Mas o escrupuloso não entende isso. Ele transforma tudo em regra técnica. Perde de vista o amor e fica preso em detalhes insignificantes.
Deus não quer robôs perfeitos. Ele quer filhos que O amem livremente.
Ele sabe que você é fraco. Ele sabe que você pode cair. Ele sabe que você não é perfeito, mas Ele te ama assim mesmo — infinitamente, incondicionalmente, eternamente.
O que Ele quer não é que você nunca erre; o que Ele quer é que você confie n'Ele. Que você se levante quando cair. Que você aceite Sua misericórdia com humildade.
Santa Teresinha entendeu isso perfeitamente. Ela descobriu a "pequena via" da infância espiritual: confiar em Deus como uma criança confia no Pai, sabendo que sozinha não consegue nada, mas que nos braços do Pai está completamente segura.
Se você está preso nessa armadilha do perfeccionismo, precisa tomar uma decisão: desistir de ser seu próprio salvador.

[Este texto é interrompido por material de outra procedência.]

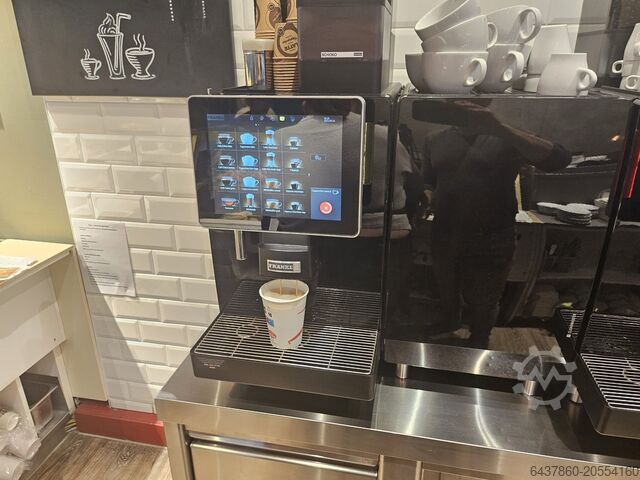 Fully automatic coffee machine Franke A1000 FM SU12 Franke A1000 FM SU12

Pare de tentar construir sua torre de Babel espiritual. Pare de querer merecer o céu por seus próprios esforços. Pare de tratar Deus como um chefe exigente que você precisa impressionar.
Aceite que você é pequeno, fraco, limitado — e que está tudo bem. Sua salvação não depende de só você; ela dependeu principalmente de Nosso Senhor Jesus Cristo.
Procure um bom diretor espiritual. Obedeça ao que ele disser, mesmo quando sua consciência escrupulosa gritar o contrário. Aprenda a confiar mais em Deus e menos em suas próprias forças.
O perigo oculto de querer ser perfeito para Deus é achar que você pode fazer isso sozinho. A verdade libertadora é que você não pode — e não precisa fazer tudo sozinho: Cristo já fez o principal por você.
Basta aceitar, com humildade e gratidão, o dom da Sua graça.
Pe. L. Grimes. Tratado dos Escrúpulos. Petrópolis: Editora Vozes, 1952.